Hayatının yaklaşık 50 yılını şehzâde, 4 senesini veliahd, yaklaşık 16 ayını halife, son 20 yılını ise sürgünde geçirmiş. 76 senelik ömründe mutlakiyet, meşrutiyet ve cumhuriyet olmak üzere üç rejime de tanıklık etmiş, iki dünya harbi yaşamış. Sergideki her bir eser son halifenin kalbinin en derinlerinde hissettiği baba özlemini, vatan hasretini, veliaht olmasına rağmen yaşadığı yoklukları ziyaretçilere birebir hissettiriyor.
BABASINI TUVALDE YAŞATAN BİR EVLAT
Sergideki ilk portrelerden biri kendisi henüz 8 yaşındayken, 1876'da öldürülen babası Sultan Abdülaziz'e ait. 19'uncu yüzyıl sonlarında Abdullah Biraderler'e atfedilen bir eser. Bu eserin hemen yanında ise Abdülmecid'in kendi elleriyle yaptığı bir Abdülaziz portresi yer alıyor.
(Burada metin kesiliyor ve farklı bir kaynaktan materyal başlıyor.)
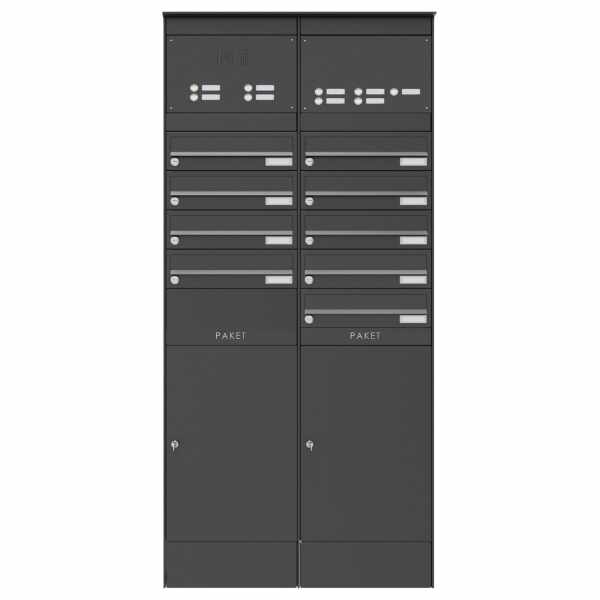 9-compartment Mailbox stele BASIC Plus 864X with 2x parcel box 550x370 & bell box - RAL color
Abdülmecid Efendi babasının sağken yapıldığı tabloya bakarak resmettiği portrede Abdülaziz'i adeta o yıllara kadar yaşatmış. 46 yaşında öldürülen genç Sultan'ın 70'li yaşlarını hayal ederek resmetmiş, sakalına beyazlar, alnına, göz kenarlarına kırışıklar eklemiş.
KEDERİN MANZARASI SARAYBURNU
Sergide Abdülmecid'in Pierre Loti'ye armağan ettiği Sarayburnu ve Boğaz tabloları da sergileniyor. Abdülmecid, Sarayburnu tablosuyla beraber Loti'ye gönderdiği notta ise gönüllere huzur veren bir manzaranın nasıl kederin simgesi haline geldiğini şu sözlerle anlatmış:
''..güzel Sarayburnu, otuz üç sene boyunca hüzün ve keder içinde izlediğim manzara. Bu asla ulaşamadığım İstanbul, kendini daima penceremin ötesinde sunar. Bu pencere ki, çok eskiden hafızamdan silinmiş bir günde, çok sevgili babam Sultan Abdülaziz'in katillerinin giriş noktası olmuştu. Babam bu pencerenin çok yakınında can verdi.''
HAREMDEKİ ENTELLEKTÜEL HAYAT
Serginin en dikkat çeken eserlerinden biri de Haremde Beethoven. Eser son halifenin günlük yaşantısını Batılı imge ve referanslarla yansıtması açısından oldukça önemli. Resimde saray mensuplarının resme, müziğe ve heykele duyduğu ilgi tüm açıklığıyla ortaya konmuş. Tablo modern bir Osmanlı haremini yansıtıyor.
KENDİ KENDİNİ YARATMIŞ BİR SANATÇI
SABAH'a konuşan Sabancı Üniversitesi Sakıp Sabancı Müzesi Müdürü Dr. Nazan Ölçer ''Abdülmecid Efendi'nin ressam kimliğinin yanında müzik ve hat sanatı ile ilgilenmiş; şehzâdeliğinden itibaren aydınları ve sanatçıları desteklemesinin yanı sıra onlarla kurduğu yakın dostluklarla Osmanlı hanedanı için alışılmışın ötesinde olmuş.
Zamanının ruhunun farkında, Doğu-Batı ve gelenek-modernite ikilemleri karşısında din ve geleneğine bağlı olmakla beraber Batı'ya da açık bir Türk münevveri olarak yaşamış'' dedi. Resimle ilgili profesyonel eğitim alamamasına rağmen özellikle portre çizimlerinde şehzadenin kendini çok iyi geliştirdiğini anlatan Ölçer ''Kendi kendini yaratmış bir insan.
Bütün dünyayı sarsan değişim ve yıkımların yaşandığı bir zaman dilimine denk gelen yaşamında her tür kayıp ve travmayı yaşamış. Portreye odaklanmış, manzara resmi az. Çünkü çok az dışarı çıkabilmiş. Yaşadığı tüm mahrumiyetlere rağmen kabiliyetine güvenerek kendi kendini geliştirmiş'' dedi.